Miss Medusa: A Twisted Texas Comic

Miss Medusa: A Twisted Texas Comic

Even in the world of underground Texas comics, Paul Hanley and Matt Frank stand out. Their creation, Miss Medusa’s Monstrous Menagerie has been a runaway hit on Kickstarter thanks to its inventive and edgy premise, as well Hanley’s incredible art style. Now, it’s finally on sale for the general public at Laguna Studios.

Set in the south in the 1960s, Miss Medusa focuses on a group of “mythics,” legendary beasts and cryptids that now work in traveling carnivals. Previously, they had aided the Allies in World War II, immigrating to the United States after the fall of the Reich. This circus is run by the titular Miss Medusa (legal name Gina Tatpolous), a voluptuous gorgon who rules her clan of creatures with an iron fist in a white magician’s glove.

“She’s a ruthless, anything-goes capitalist with low regard for employee unions,” says Hanley. “I’m sure she has stuff by Napoleon Hill and Ayn Rand on that big bookshelf in her office. And like most circuses of the time, there’s all sorts of thorny questions about issues like cultural appropriation, animal treatment, etc. But on the flip side, she’d have zero liking for dickheads like George Wallace or Edwin Walker.”

Hanley’s career started as something of a carnie himself. An army brat who moved around the country before settling in Austin in 1997, he began by drawing his own weird comics in high school, eventually graduating to working on Buckaroo Banzai in 2008. That led to eight years as a cover artist for licensed properties like Godzilla, Judge Dredd, and his most well-known work, Doctor Who. Though technically in the industry, Hanley made most of his living on the convention circuit selling prints, getting increasingly frustrated as his ideas were shot down by publishers. 

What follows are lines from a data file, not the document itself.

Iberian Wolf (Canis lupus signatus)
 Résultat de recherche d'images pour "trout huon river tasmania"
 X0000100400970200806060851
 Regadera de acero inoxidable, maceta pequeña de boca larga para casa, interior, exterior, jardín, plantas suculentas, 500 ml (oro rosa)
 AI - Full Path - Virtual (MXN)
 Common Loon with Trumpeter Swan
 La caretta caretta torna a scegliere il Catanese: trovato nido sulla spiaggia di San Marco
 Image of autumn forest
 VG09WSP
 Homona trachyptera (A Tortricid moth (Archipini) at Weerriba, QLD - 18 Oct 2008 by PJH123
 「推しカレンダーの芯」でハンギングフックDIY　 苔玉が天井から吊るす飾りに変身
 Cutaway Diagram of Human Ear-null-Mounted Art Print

“That convinced me that licensed comics (and big comic companies in general) were a lousy gamble for a career, because you could bring your absolute best game to a project and things still might not work out because of factors that had nothing to do with the work,” he says.

Conventions led to the beginning of Miss Medusa. Hanley had become fast friends with Frank, a San Antonio-based writer and artist who also worked on Godzilla. Like Hanley, Frank had a penchant for the weird and uncanny. He drew an image of a gorgon ringmaster for one of their mutual convention appearances in San Antonio, and the idea stuck.

“I was trying to conceptualize something outside of my usual wheelhouse, but still well within my capabilities to illustrate and have fun with,” he says. “Paul took that early idea and the handful of characters I was tossing around and added so much depth and complexity and nuance in a way that was much more his style of deep-lore worldbuilding. He really made it into what it’s become.” 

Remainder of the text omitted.